Collected data entries =
--------------------

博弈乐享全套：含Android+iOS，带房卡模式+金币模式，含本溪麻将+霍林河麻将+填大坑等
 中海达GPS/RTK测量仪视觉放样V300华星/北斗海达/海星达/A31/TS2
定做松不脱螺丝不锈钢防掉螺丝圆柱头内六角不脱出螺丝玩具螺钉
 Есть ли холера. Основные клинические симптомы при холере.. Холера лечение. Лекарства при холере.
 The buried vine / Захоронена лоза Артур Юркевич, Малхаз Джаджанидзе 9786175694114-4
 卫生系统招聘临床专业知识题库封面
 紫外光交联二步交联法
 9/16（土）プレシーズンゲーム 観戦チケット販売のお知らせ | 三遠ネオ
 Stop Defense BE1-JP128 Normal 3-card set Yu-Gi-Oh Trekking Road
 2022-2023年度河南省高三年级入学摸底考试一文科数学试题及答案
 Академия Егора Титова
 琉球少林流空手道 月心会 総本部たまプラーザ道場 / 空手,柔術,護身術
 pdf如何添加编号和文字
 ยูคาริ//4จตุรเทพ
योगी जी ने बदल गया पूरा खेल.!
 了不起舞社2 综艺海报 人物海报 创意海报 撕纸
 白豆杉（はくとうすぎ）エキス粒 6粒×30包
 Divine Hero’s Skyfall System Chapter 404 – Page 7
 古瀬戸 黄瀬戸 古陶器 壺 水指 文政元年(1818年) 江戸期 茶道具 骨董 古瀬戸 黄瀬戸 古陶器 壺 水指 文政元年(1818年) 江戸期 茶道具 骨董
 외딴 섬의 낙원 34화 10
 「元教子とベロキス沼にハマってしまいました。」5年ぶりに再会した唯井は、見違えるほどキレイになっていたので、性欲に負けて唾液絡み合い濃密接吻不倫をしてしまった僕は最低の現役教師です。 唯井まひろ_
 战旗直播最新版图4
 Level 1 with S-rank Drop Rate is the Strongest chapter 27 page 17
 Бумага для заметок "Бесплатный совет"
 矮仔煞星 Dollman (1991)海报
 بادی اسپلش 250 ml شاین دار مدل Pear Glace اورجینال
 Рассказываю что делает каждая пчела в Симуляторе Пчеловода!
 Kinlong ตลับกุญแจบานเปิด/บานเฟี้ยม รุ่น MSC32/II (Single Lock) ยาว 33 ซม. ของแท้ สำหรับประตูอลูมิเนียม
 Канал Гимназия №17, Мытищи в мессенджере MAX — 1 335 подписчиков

--------------------

WHAT YOU NEED TO DO = Whatever the number of entries above, each one is to be copied exactly.

SOLUTION TO THIS TASK =
博弈乐享全套：含Android+iOS，带房卡模式+金币模式，含本溪麻将+霍林河麻将+填大坑等
 中海达GPS/RTK测量仪视觉放样V300华星/北斗海达/海星达/A31/TS2
定做松不脱螺丝不锈钢防掉螺丝圆柱头内六角不脱出螺丝玩具螺钉
 Есть ли холера. Основные клинические симптомы при холере.. Холера лечение. Лекарства при холере.
 The buried vine / Захоронена лоза Артур Юркевич, Малхаз Джаджанидзе 9786175694114-4
 卫生系统招聘临床专业知识题库封面
 紫外光交联二步交联法
 9/16（土）プレシーズンゲーム 観戦チケット販売のお知らせ | 三遠ネオ
 Stop Defense BE1-JP128 Normal 3-card set Yu-Gi-Oh Trekking Road
 2022-2023年度河南省高三年级入学摸底考试一文科数学试题及答案
 Академия Егора Титова
 琉球少林流空手道 月心会 総本部たまプラーザ道場 / 空手,柔術,護身術
 pdf如何添加编号和文字
 ยูคาริ//4จตุรเทพ
योगी जी ने बदल गया पूरा खेल.!
 了不起舞社2 综艺海报 人物海报 创意海报 撕纸
 白豆杉（はくとうすぎ）エキス粒 6粒×30包
 Divine Hero’s Skyfall System Chapter 404 – Page 7
 古瀬戸 黄瀬戸 古陶器 壺 水指 文政元年(1818年) 江戸期 茶道具 骨董 古瀬戸 黄瀬戸 古陶器 壺 水指 文政元年(1818年) 江戸期 茶道具 骨董
 외딴 섬의 낙원 34화 10
 「元教子とベロキス沼にハマってしまいました。」5年ぶりに再会した唯井は、見違えるほどキレイになっていたので、性欲に負けて唾液絡み合い濃密接吻不倫をしてしまった僕は最低の現役教師です。 唯井まひろ_
 战旗直播最新版图4
 Level 1 with S-rank Drop Rate is the Strongest chapter 27 page 17
 Бумага для заметок "Бесплатный совет"
 矮仔煞星 Dollman (1991)海报
 بادی اسپلش 250 ml شاین دار مدل Pear Glace اورجینال
 Рассказываю что делает каждая пчела в Симуляторе Пчеловода!
 Kinlong ตลับกุญแจบานเปิด/บานเฟี้ยม รุ่น MSC32/II (Single Lock) ยาว 33 ซม. ของแท้ สำหรับประตูอลูมิเนียม
 Канал Гимназия №17, Мытищи в мессенджере MAX — 1 335 подписчиков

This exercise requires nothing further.